(Records provided)

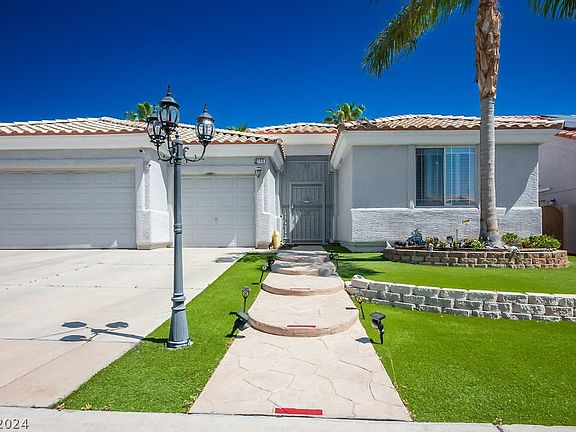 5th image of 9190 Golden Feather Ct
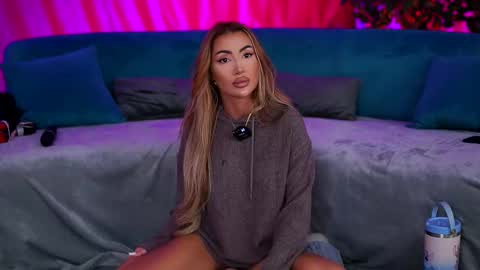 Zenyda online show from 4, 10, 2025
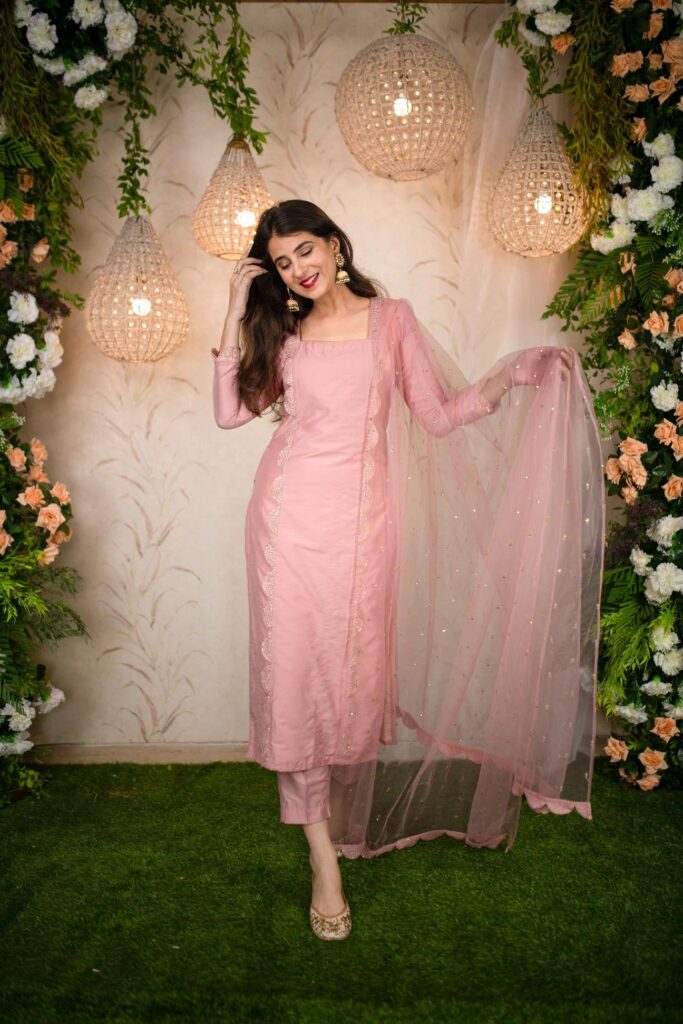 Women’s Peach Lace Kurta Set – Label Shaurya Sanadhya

(End Records provided)
(Records provided)

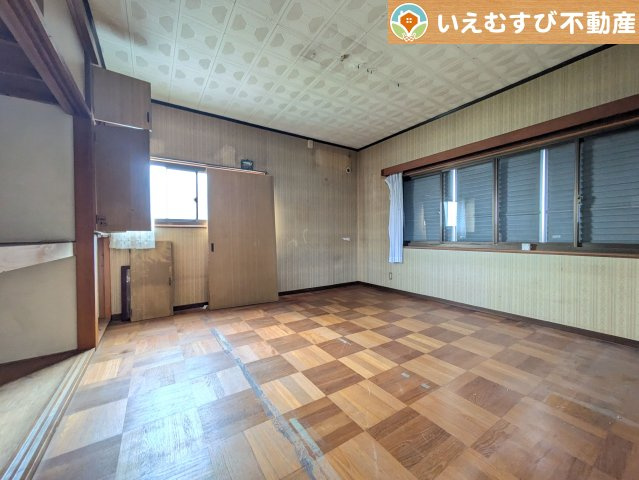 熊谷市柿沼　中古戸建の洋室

(End Records provided)
(Records provided)

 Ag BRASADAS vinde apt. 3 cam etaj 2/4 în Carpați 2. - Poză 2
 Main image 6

(End Records provided)

Word for word, restate the lines above from the line containing "Ag BRASADAS vinde" through the line containing "Main image 6", with both included and nothing else.

 Ag BRASADAS vinde apt. 3 cam etaj 2/4 în Carpați 2. - Poză 2
 Main image 6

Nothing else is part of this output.